What I’ve done is this: I’ve gone through the Oilers’ gamesheets and sucked out the data for who took penalties and who drew them, ignoring the coincidentals. I’ve then thrown it all into a spreadsheet and pro-rated it over 82 games. It’s expressed in PIM, not total penalties, for those wondering. I then hung a value on it by charging players .2 goal differential for every penalty taken, which is the number used by Puck Prospectus (I’d take a shot at Will Carroll here but I’ve been instructed not too). My own research has come up with similar numbers. So, for example, in the VALUE column, that’s how many goal differential the player’s penalties can be expected to cost the team.
It’s about what you’d expect.

The totals for the forwards and defencemen overstate things to a certain degree. You can’t have 16 forwards playing 82 games. You can’t have 9 defencemen playing 82 games. There are a couple of points worth drawing out of this though.
First of all, the fowards overwhelmingly take their penalties at the offensive end of the rink. To the extent that thecaptainethanmoreau has been criticized for this, as opposed to the sheer volume of penalties that he takes, the criticism might not be entirely fair. It makes sense if you think about it - when the puck is in the other team’s end, that’s where the forwards (and particularly the wingers) tend to be most engaged in terms of pursuit of the puck. Similarly, the defencemen tend to take and draw their penalties in the defensive zone.

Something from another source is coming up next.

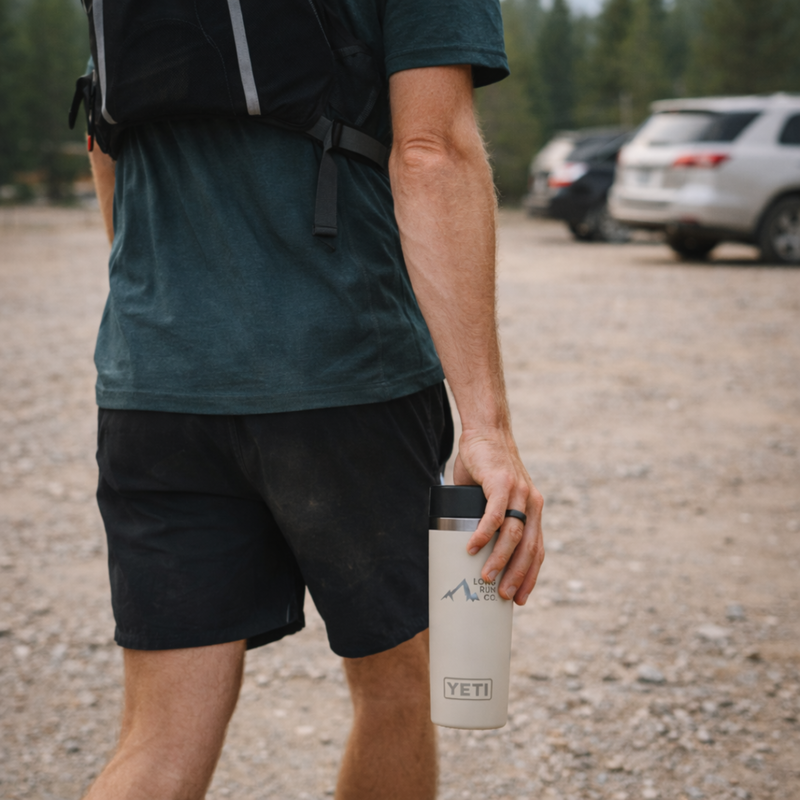 LRC x YETI 16oz Travel Bottle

Second - and this is mentioned in the PPro article that I linked too - the forwards have a positive penalty differential by and large, while the defencemen have negative ones. When you’re looking at Moreau’s projected -4.5 goal differential penalty cost over 82 games, you need to keep in mind that the average forward is likely to have a number in the black. Zero isn’t the right measuring stick here - I don’t know quite what it is exactly, but it’s not that.
Three - I think that the criticism of Moreau is awfully warranted. If anything, the first 23 games have been worse than last year for him in terms of penalties taken versus penalties drawn. Gabe had him at 31/16 last year in terms of number of penalties - so far this year he’s a spectacular 9/3. This can obviously turn around with a couple of calls but it does seem to be a serious issue for him.
Four - I suspect that, perversely, Sam Gagner’s smurfitude probably helps him in this, as he’s more likely to go down from something another player (Dustin Penner) might fight through. Small players with some jam and some discipline may well add a bit of hidden value to their teams through this.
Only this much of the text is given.